El inaccesible señor Chance. Casi pensaba que tenía un teléfono instalado en su coche de chuloputas, en su bar, en su trastienda de pieles y en su sombrilla de color rosa. Lo que hace la clase.

Leí las páginas deportivas y volví de nuevo a la crónica de la fulana asesinada en el Village. La noticia era muy escueta. No figuraba ni el nombre ni descripción alguna de la víctima. Sólo decían que tenía veinticinco años.

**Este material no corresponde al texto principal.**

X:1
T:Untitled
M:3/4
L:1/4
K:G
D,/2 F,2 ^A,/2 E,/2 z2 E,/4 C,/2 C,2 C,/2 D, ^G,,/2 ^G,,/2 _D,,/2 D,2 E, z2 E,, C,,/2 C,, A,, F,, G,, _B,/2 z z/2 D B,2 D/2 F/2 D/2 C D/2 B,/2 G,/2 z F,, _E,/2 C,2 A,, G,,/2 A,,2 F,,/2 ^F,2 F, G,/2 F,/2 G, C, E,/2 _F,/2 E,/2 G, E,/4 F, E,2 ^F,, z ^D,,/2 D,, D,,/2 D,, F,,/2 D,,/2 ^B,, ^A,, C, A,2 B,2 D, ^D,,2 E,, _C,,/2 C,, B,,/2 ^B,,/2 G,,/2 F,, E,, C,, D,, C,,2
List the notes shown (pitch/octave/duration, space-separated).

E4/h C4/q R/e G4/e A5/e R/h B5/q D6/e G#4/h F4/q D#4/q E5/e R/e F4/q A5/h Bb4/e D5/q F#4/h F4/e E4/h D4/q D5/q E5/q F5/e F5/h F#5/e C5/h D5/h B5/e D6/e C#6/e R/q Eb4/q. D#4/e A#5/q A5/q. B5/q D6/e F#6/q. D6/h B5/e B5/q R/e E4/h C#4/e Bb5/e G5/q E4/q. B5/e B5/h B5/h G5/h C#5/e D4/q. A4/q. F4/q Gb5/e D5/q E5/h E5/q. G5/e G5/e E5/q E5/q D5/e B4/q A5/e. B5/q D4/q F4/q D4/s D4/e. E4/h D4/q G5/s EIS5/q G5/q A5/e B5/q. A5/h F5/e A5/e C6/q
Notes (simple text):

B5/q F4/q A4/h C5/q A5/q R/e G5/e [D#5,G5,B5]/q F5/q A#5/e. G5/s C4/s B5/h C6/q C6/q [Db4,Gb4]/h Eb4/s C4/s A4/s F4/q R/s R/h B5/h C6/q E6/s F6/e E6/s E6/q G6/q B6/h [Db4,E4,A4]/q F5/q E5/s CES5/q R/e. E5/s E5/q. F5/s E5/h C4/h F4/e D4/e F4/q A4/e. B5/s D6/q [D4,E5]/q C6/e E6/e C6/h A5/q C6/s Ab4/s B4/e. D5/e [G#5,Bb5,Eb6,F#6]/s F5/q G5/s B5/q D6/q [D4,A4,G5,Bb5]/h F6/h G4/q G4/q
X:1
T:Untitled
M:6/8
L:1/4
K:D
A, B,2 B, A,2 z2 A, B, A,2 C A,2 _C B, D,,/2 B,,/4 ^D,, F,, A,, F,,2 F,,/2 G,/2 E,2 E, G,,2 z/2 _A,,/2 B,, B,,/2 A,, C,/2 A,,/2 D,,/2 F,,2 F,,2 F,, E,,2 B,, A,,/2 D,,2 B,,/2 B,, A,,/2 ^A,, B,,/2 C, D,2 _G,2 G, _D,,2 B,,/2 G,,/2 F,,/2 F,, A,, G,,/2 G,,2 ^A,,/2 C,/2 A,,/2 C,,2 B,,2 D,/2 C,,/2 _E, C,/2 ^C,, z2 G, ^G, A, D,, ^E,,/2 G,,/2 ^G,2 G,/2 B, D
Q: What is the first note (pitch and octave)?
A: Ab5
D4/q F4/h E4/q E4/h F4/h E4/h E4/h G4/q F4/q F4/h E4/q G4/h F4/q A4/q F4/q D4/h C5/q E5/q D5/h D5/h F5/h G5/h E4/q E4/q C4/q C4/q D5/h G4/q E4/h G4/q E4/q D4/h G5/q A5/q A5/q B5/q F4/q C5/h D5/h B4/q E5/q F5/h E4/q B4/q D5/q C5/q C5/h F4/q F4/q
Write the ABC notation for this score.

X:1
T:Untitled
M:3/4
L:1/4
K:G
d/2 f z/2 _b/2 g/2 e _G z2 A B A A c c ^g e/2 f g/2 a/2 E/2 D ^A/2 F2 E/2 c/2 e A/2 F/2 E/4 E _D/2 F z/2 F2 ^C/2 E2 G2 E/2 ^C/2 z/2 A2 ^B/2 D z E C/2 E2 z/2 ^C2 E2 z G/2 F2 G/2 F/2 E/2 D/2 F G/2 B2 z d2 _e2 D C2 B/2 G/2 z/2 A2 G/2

Llamé al News para preguntar si conocían el nombre de la víctima. Me respondieron que esa información era confidencial. Sin duda la familia no había sido avisada. Llamé al sexto comisariado, pero Eddie Koehler no estaba de servicio y él era mi único contacto allí. Saqué mi agenda, pero pensé que sería muy tarde para llamarla; debía estar dormida y, de todas maneras, como la mayor parte de las mujeres de esta ciudad eran fulanas, no había ningún motivo para pensar que había sido ella la que habían asesinado junto a la autopista de West Side. Me guardé la agenda, la volví a sacar diez minutos después y marqué su número.

Le dije:

– Kim, soy Matt Scudder. Me preguntaba si ha tenido la oportunidad de hablar con su amigo después de nuestra charla.

– No. ¿Por qué?

– Esperaba encontrarle a través de la operadora de su servicio. Pero no creo que se acordara de mí, de manera que mañana tendré que salir a buscarle. ¿Usted nunca le comentó que se iba a largar?

– Ni una palabra

– Ya veo. Si lo ve antes que yo, actúe como si no estuviera pasando nada. Si la llama o se citan en algún sitio llámeme inmediatamente.